Le chiffre d'affaires du troisième trimestre 2017 de la division EDS s'est élevé à 33 millions d'euros, en baisse de 6,5%. Une baisse qui ne permettra pas d'atteindre l'objectif de croissance organique à deux chiffres pour l'ensemble de l'année 2017 pour cette division.

Cette publication n'est pas sans effet sur les analystes. Ainsi, Oddo BHF (recommandation Neutre) et Gilbert Dupont (recommandation Accumuler) ont abaissé leurs objectifs de cours de 38 euros à 32 euros pour le premier et de 37 euros à 33 euros pour le second sur Neopost. Les courtiers ont revu leurs prévisions annuelles à la baisse mais retiennent également le retour de la croissance prévu au quatrième trimestre.

En effet, les mesures prises durant le trimestre et la qualité du portefeuille d'affaires de GMC Software devraient permettre de retrouver une croissance organique soutenue dès le trimestre prochain, a indiqué Denis Thiery, le PDG de Neopost.

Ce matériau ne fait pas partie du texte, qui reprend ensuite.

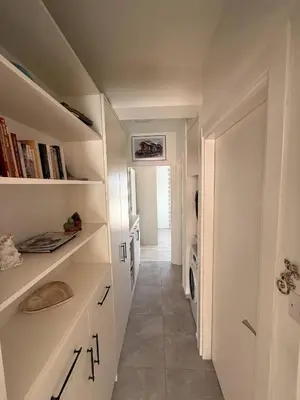 a hallway with white cabinets and a washer and dryer at Central Nicosia Haven in Nicosia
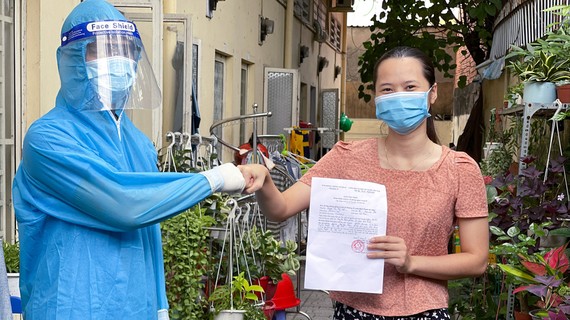 Cùng nhau vượt qua gian khó - Bài 3: Gượng dậy sau mất mát Đại diện Trạm y tế lưu động số 27 (phường 25, quận Bình Thạnh) cấp giấy chứng nhận hoàn thành cách ly y tế ngừa Covid-19 cho người dân tại khu căn hộ An Huy, đường Ung Văn Khiêm. Ảnh: HOÀNG HÙNG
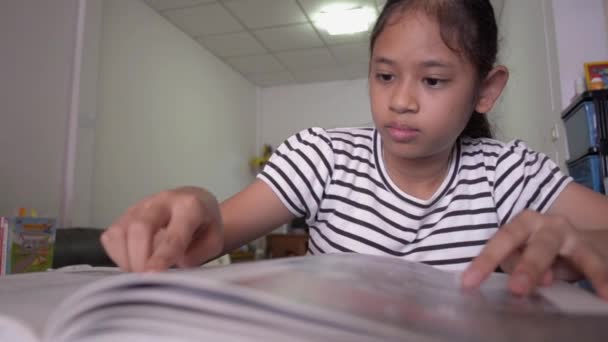 机の上で本を読んでいる可愛いアジア系の女の子 教育理念 — ストック動画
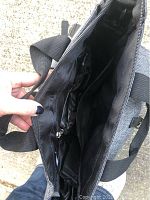 View inside the diaper bag showing multiple internal compartments and pockets.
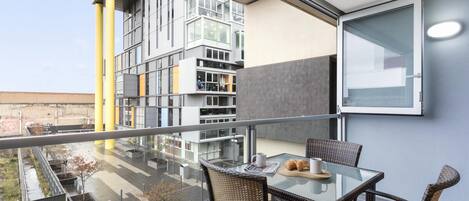 A modern balcony with a glass table, wicker chairs, and a view of a cityscape.
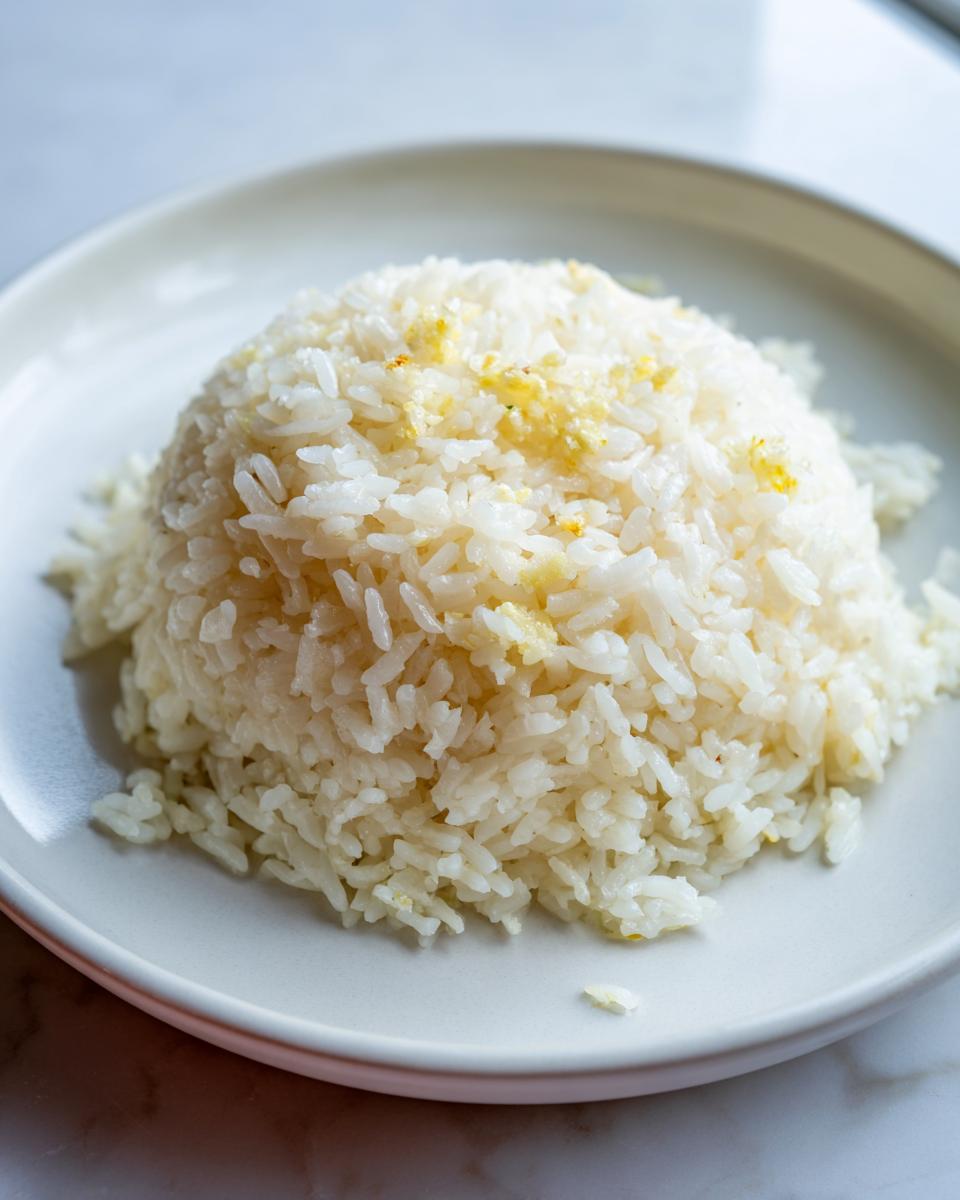A perfectly molded mound of fluffy white butter rice topped with melted butter, served on a light gray plate.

Cette publication, bien que décevante, ne remet pas en question les ambitions du groupe à moyen terme. Il prévoit de renouer avec une croissance organique de son chiffre d'affaires. Cette dernière permettra de maintenir un niveau de marge opérationnelle courante, hors charges liées aux acquisitions, supérieur à 18% tout au long de cette période de transformation pour viser à terme une marge opérationnelle courante, hors charges liées aux acquisitions, supérieure à 20%.